Differentiate Tan − 1 ( a + B Tan X B − a Tan X ) ?

Question

Differentiate \[\tan^{- 1} \left( \frac{a + b \tan x}{b - a \tan x} \right)\] ?

Solution

\[\text{ Let, y } = \tan^{- 1} \left[ \frac{a + b \tan x}{b - a \tan x} \right]\]

\[ \Rightarrow y = \tan^{- 1} \left[ \frac{\frac{a + b \tan x}{b}}{\frac{b - a \tan x}{b}} \right]\]

\[ \Rightarrow y = \tan^{- 1} \left[ \frac{\frac{a}{b} + \tan x}{1 - \frac{a}{b}\tan x} \right]\]

\[ \Rightarrow y = \tan^{- 1} \left[ \frac{\tan\left( \tan^{- 1} \frac{a}{b} \right) + \tan x}{1 - \tan\left( \tan^{- 1} \frac{a}{b} \right) \times \tan x} \right]\]

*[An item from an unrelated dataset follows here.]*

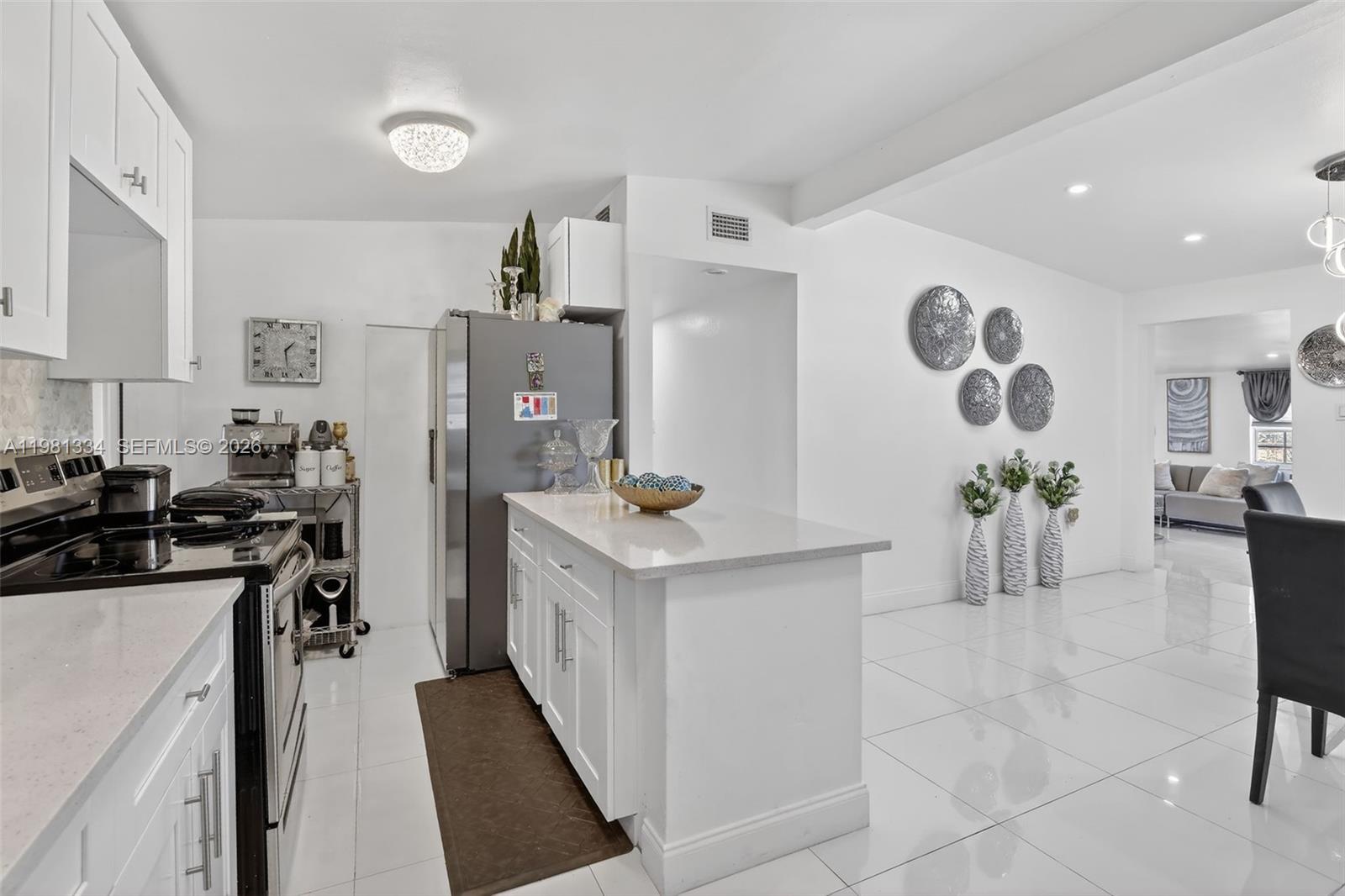 BROWARD MANOR - Residential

\[ \Rightarrow y = \tan^{- 1} \left[ \tan\left( \tan^{- 1} \frac{a}{b} + x \right) \right]\]

\[ \Rightarrow y = \tan^{- 1} \left( \frac{a}{b} \right) + x\]

Differentiate it with respect to x,

\[\frac{d y}{d x} = 0 + 1\]

\[ \therefore \frac{d y}{d x} = 1\]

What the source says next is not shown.